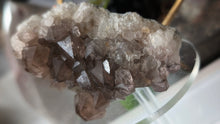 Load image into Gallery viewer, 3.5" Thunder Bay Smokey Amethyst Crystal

--

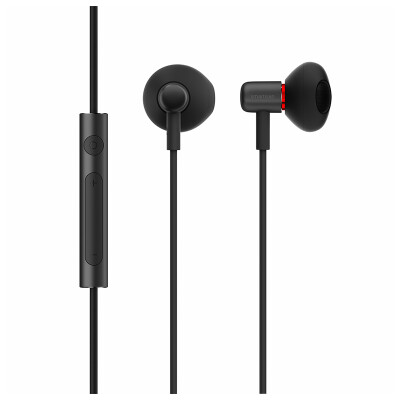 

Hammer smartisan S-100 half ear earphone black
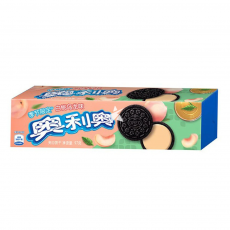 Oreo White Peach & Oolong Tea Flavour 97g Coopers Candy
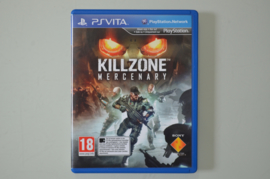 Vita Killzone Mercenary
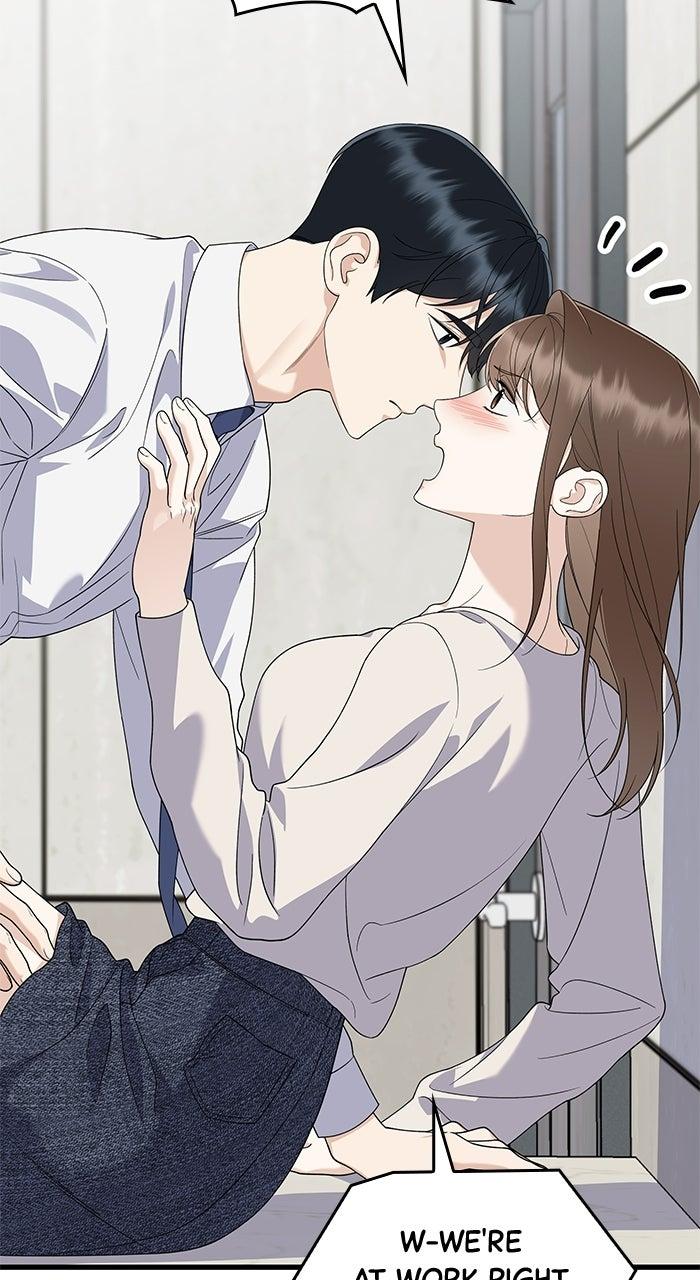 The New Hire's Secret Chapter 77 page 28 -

__DIRECTIONS__: Write out exactly the lines above between the one with "Vita Killzone Mercenary" and the one with "The New Hire's", inclusive, with pictures left out.

__THE ANSWER__:
 Vita Killzone Mercenary
 The New Hire's Secret Chapter 77 page 28 -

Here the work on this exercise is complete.